There are 10 competing hypotheses about the way something works. An experiment is performed. Data are negative. This elminates 1 hypothesis. We are left with 9, which is an improvement. We do the 2nd experiment, which, with negative data (i.e., "no effect of X on Y"), eliminates another one, leaving 8 hypotheses alive. And so on, until, by elimination, over a course of several experiments, all yielding negative data, we are left with one winning hypothesis by default, sorta like Survivor show.

How about this variation:

There are 10 competing hypotheses about the way something works. We assume that the biological mechanism is evolutionarily quite conserved and should work the same way, with minor variations, in, lets say, all Vertebrates. We run into walls in our work on mice. The problem appears intractable at the time being. Idea? Try a different species (e.g., a bird or lizard or fish). You get negative results that automatically eliminate 5 out of 10 hypotheses from the "vertebrate basic mechanism". This is a huge improvement.

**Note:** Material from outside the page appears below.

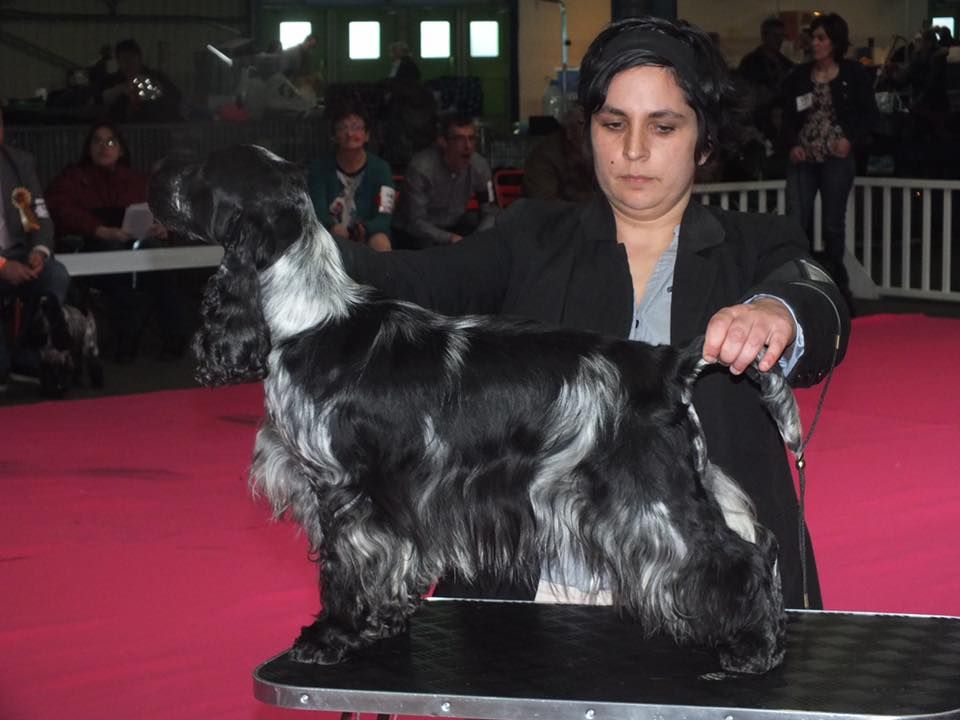 CH. I follow rivers du Domaine de Kérarzic Vilin - 4ème Excellente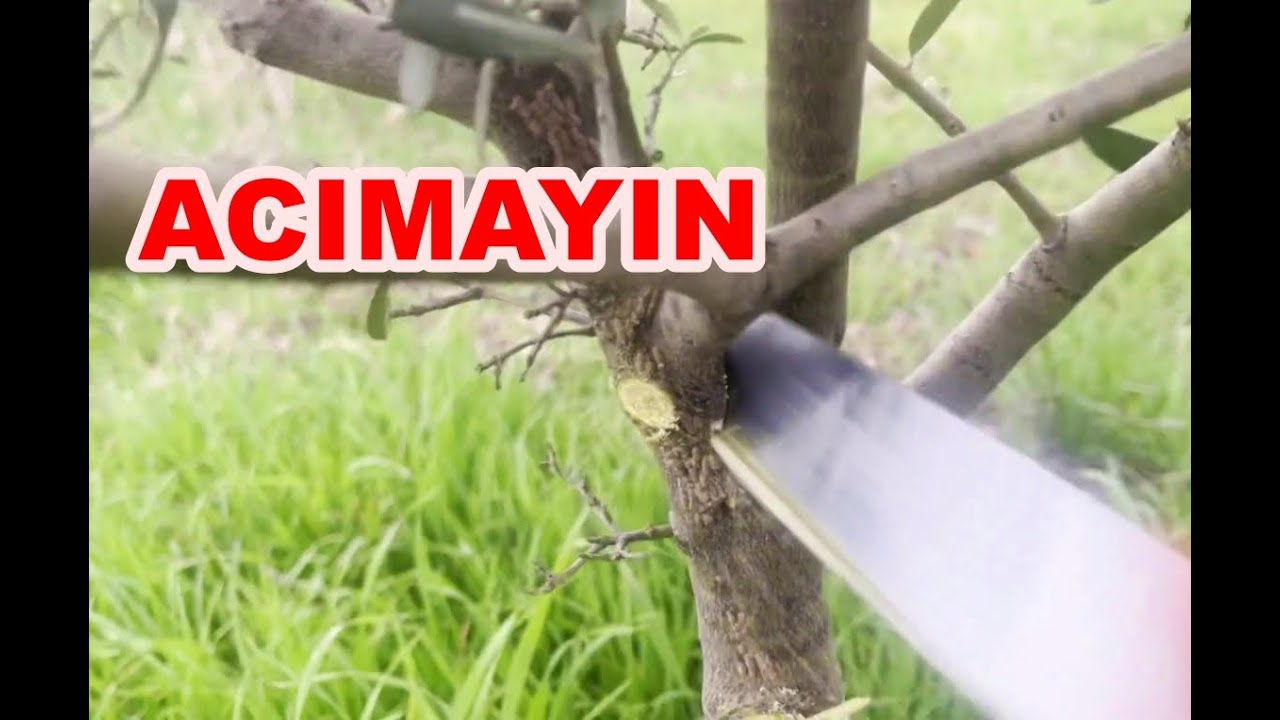 Zeytin Ağacı Şekil Budaması Nasıl Yapılır? Zeytin Ağacı Doğru Budama Teknikleri.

Subsequent work in mice, now that we know what we are looking for, jsut confirms that the mouse and the other animals do actually have basically the same mechanism, and the follow-up in either mice or other animals can then be done to eliminate another 4 hypotheses.

"Negative Data is a Window in the Temple of Knowledge". Ha, my prof. Bill Lovis put it that way and I've never forgotten it.

I like the new terminology much better.

Thanks, although the old terminology is not mine.

I am still struggling, though, so set me straight if this, for example is A or B:
There are 2 competing hypotheses about the way something works. An experiment is performed. Data are negative. This eliminates one hypothesis and leaves the other one the winner by default.

A real life example of this would be whether the Golgi gets reabsorbed into the ER during mitosis. Is this exploration? You won't like my answer but it's somewhere in between exploration and explanation. It's not really anything beyond our current knowledge, it's like saying process X either requires ATP or it doesn't. In the end it's explaining how process X works. As for one experiment knocking out one hypothesis, in the best of scenarios, yes. But like I point out (and I guess Feyerabend would agree although I dissed him) a negative result could always be explained away with "you didn't used the right method and your negative result is the product of your potentially flawed procedure." And it's sometimes hard (or even impossible) to tell if an experiment is flawed (look at the neurogenesis example). And this is more so for exploratory experiments. If you read up on the Golgi war - each side criticizes about the other side's negative results in this precise way.

In many cases exploratory work does not deal with 1 of 10 possibilities, but with shots in the dark. It's usually "does this weird thing happen, or not" rather than 10 theories. And even if there are 10 main theories, the ultimate winner is usually something that wasn't thought of at first (theory 11) or a hybrid theory (which you can argue is also another theory in itself).

I guess if you can define the parameters (it has to be 1,2,3 ... 10) then you are defining the system and your work is explanatory. If you have no clue what the parameters might be (i.e. Columbus) then you are exploring.